◆ **ABOUT THIS TASK**
Retype the lines below exactly, but only those from the line that has "Письменный стол из труб" through the line that has "9 Stratford Drive". Omit every picture.

◆ **EXERCISE MATERIAL**

↓↓↓

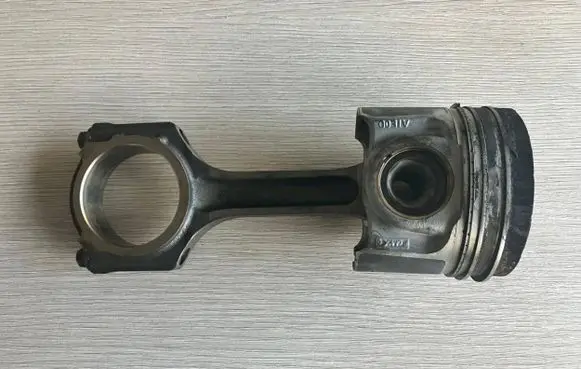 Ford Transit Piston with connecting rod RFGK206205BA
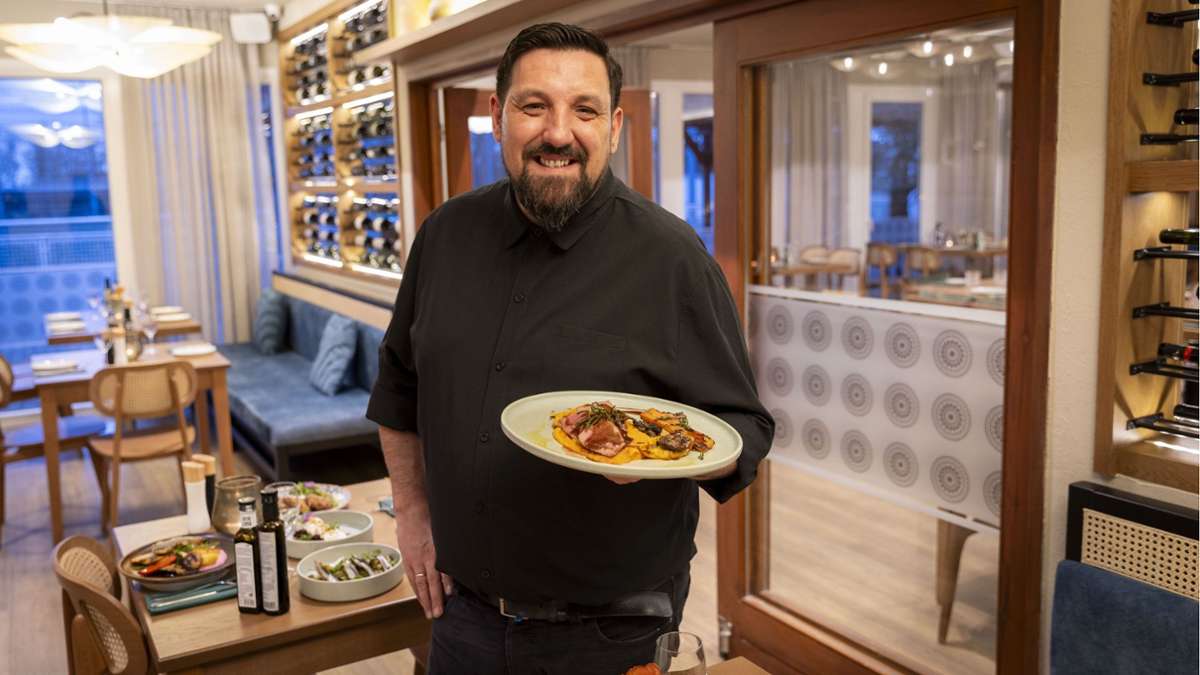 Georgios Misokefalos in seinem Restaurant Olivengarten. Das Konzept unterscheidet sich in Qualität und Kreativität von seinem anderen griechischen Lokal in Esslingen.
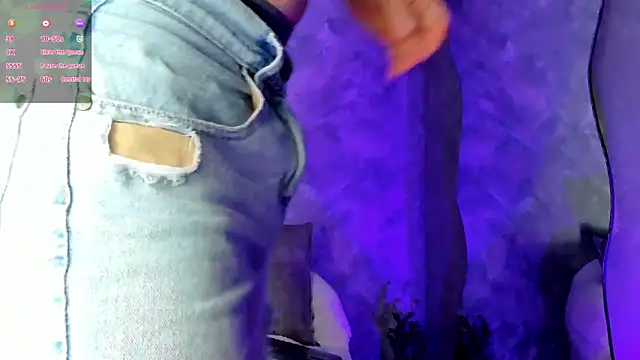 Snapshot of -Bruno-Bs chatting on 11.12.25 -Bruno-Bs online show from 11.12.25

↑↑↑
↓↓↓

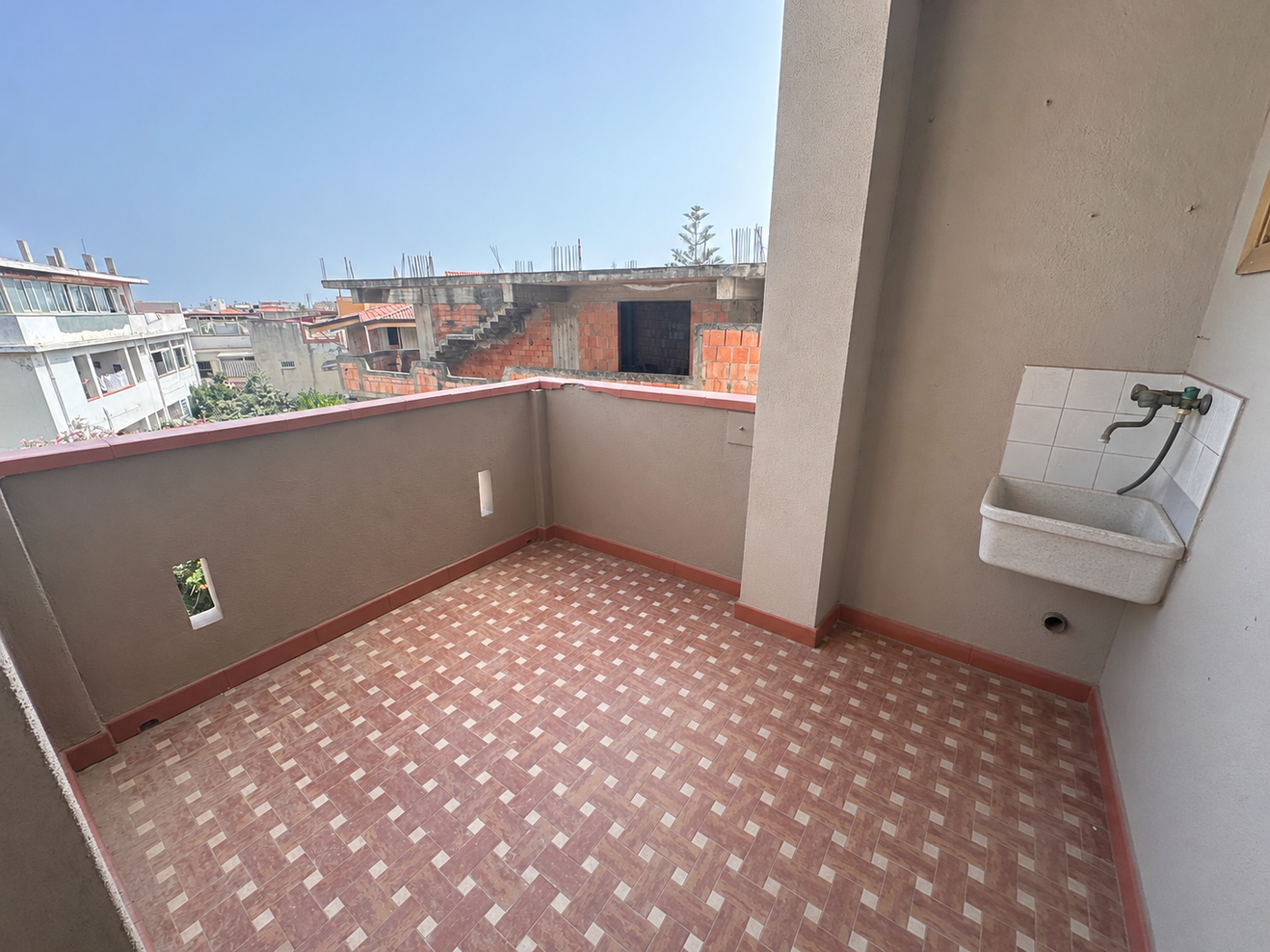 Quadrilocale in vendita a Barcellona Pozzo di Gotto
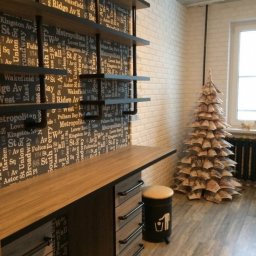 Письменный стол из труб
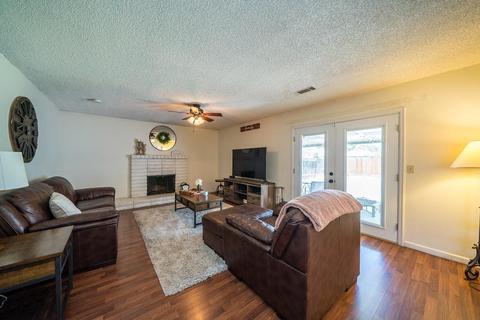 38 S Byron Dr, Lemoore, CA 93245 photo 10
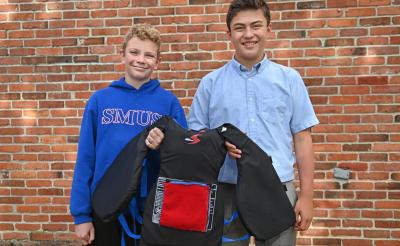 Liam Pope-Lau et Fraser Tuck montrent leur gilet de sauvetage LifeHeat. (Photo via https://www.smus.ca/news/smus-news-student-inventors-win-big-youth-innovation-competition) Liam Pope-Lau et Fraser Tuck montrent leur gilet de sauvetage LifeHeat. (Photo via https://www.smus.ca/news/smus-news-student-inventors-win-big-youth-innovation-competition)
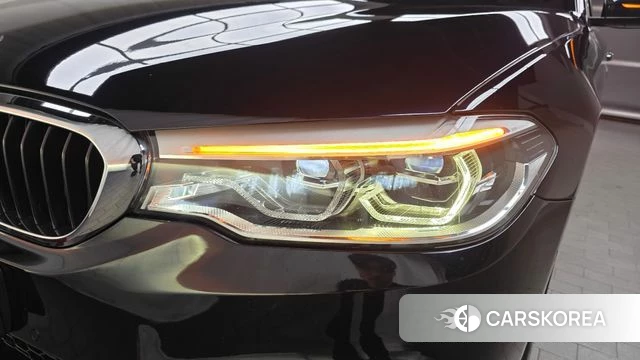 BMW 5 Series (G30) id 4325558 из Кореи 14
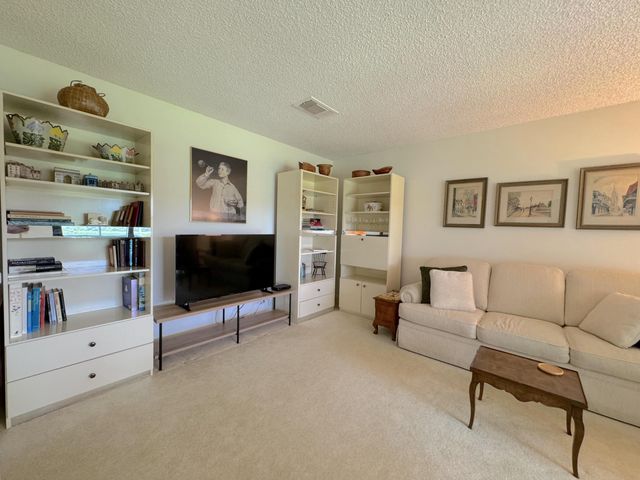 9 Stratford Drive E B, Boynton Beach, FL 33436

↑↑↑

◆ **ANSWER BOX**
 Письменный стол из труб
 38 S Byron Dr, Lemoore, CA 93245 photo 10
 Liam Pope-Lau et Fraser Tuck montrent leur gilet de sauvetage LifeHeat. (Photo via https://www.smus.ca/news/smus-news-student-inventors-win-big-youth-innovation-competition) Liam Pope-Lau et Fraser Tuck montrent leur gilet de sauvetage LifeHeat. (Photo via https://www.smus.ca/news/smus-news-student-inventors-win-big-youth-innovation-competition)
 BMW 5 Series (G30) id 4325558 из Кореи 14
 9 Stratford Drive E B, Boynton Beach, FL 33436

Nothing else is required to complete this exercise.